Banchero, que tiene una relación “dinámica” y “cambiante” con las nuevas tecnologías, las tomó como objeto de observación. Y recordó el proceso de realización de aquellos textos que luego se convertirían en obra literaria.

“Tal vez el elemento más común sea el tiempo de conversación interna intentando distinguir lo semejante, entrenar el ojo para desenfocar la diferencia, que es siempre lo más evidente y sugestivo. Como individuos todos experimentamos el cambio; en un sentido estrictamente físico ya no somos aquello que éramos, y sin embargo algo nos dice que sí, que somos la misma entidad que unos años atrás registraba otras experiencias. Esa continuidad también podemos encontrarla como especie, como colectivo, y eso es lo que me interesó. Ver cuánto podíamos hermanarnos con nuestros ancestros en nuestras preguntas y cuánto nos ha cambiado en ese sentido, si es que lo ha hecho, el desarrollo técnico.
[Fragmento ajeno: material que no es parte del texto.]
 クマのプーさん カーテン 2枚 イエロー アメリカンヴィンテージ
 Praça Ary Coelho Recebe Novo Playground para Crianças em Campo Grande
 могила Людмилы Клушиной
Mi sospecha es que mucho menos de lo que creemos”.

Hay una contradicción casi humorística en tomar aquellos viejos correos electrónicos y mandarlos a imprimir para que se conviertan en un tomo que puede colocarse en la biblioteca. Esto no escapa a su autor. “Fue una decisión de terceros que terminó por convencerme. La base de estos textos estuvo incluida en Nuevos Medios Viejas Preguntas, una de las newsletters de Amenaza Roboto. Miguel Dobrich, su director, me animó a pasarlas a papel en el entendido de que alcanzarían un público que no acostumbra a este formato de lecturas. Inicialmente yo no estaba muy convencido, pero a su vez la editorial los había seguido y me planteó exactamente lo mismo, y así me vi doblemente conducido al formato libro”.

Claro que incluso los que recibieron aquellas columnas encontrarán diferencias. “Hay varios textos nuevos y además me pareció que aquellos que ya estaban escritos debían readaptarse a una lógica conjunta, más despojada de referencias coyunturales y con un norte común más definido”.
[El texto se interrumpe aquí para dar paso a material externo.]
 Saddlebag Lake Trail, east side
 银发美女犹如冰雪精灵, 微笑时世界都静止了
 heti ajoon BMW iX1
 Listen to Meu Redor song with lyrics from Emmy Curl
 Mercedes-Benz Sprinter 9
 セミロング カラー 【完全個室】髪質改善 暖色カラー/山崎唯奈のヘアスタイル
Hay algunos temas que aparecen una y otra vez en las páginas del libro, como el libre albedrío, la identidad digital, la falta de paciencia que nos inunda y los cambios en la conducta de los lectores. En ocasiones, un elemento de esta modernidad sirve de excusa para volver a cuestiones filosóficas ancestrales: las stories de Instagram son el punto de partida para hablar, por ejemplo, de nuestra transitoriedad. Todo de una forma amable y bajada a tierra, sin convertirse en textos simplistas. Allí aparece el “contador de historias”, un rol que el autor reconoce como propio.
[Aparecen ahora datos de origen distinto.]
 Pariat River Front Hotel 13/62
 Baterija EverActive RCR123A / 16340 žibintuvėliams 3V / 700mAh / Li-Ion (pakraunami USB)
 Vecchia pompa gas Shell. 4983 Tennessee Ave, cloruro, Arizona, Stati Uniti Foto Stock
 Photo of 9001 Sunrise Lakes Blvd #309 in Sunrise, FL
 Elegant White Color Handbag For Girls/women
Herencias, algoritmos y narraciones

“Si he sentido el impulso de trabajar en el universo de la comunicación durante tantos años, algo de eso debe haber, más allá de lo bien o mal que luego pueda hacerlo. De cualquier modo, siempre me resultó curioso que dedicara casi todo mi trabajo a hablar, porque el lugar en que siempre me he sentido más cómodo ha sido el de la palabra escrita. Por lo demás es cierto que tenemos una necesidad de contarnos. Somos una serie de narraciones, un relato en el espacio-tiempo, tal vez la mayor singularidad que podemos exhibir como especie, y en ese sentido creo que siempre nos vamos a sentir atraídos al relato, independientemente del vehículo que utilicemos para ello”.

En El pez que sabía escalar, otro elemento que periódicamente asoma la cabeza es el algoritmo, esa herramienta cada vez más usada para recomendarnos qué leer, qué ver, qué escuchar. Y que suele contribuir a la creación de una burbuja alrededor del usuario, algo de lo que Banchero también habla.

Quisimos convertirlo en su propio algoritmo y que nos recomendara otras lecturas a partir de su libro, pero respondió con la misma honestidad que sobrevuela sus columnas (“no voy a mentir: no tengo la menor idea”, escribe en un momento).

“Me cuestan horrores los consejos y las recomendaciones, porque sospecho que al final se trata de cómo elegimos ver y no tanto dónde elegimos mirar. Personalmente tengo una inclinación a visitar textos antiguos. Y si bien no tengo ninguna clase de menosprecio hacia nuestra modernidad, me incomoda un poco esa autopercepción de que somos la mejor versión de nosotros mismos por el mero accidente de ser los más recientes. Son demasiadas las personas que han reflexionado mucho y hondo sobre las mismas preguntas que nos aquejan a nosotros como para descartarlas por haber pertenecido a otro tiempo”.

El pez que sabía escalar. De Salvador Banchero. Montevideo, Debate, 2020. 200 páginas.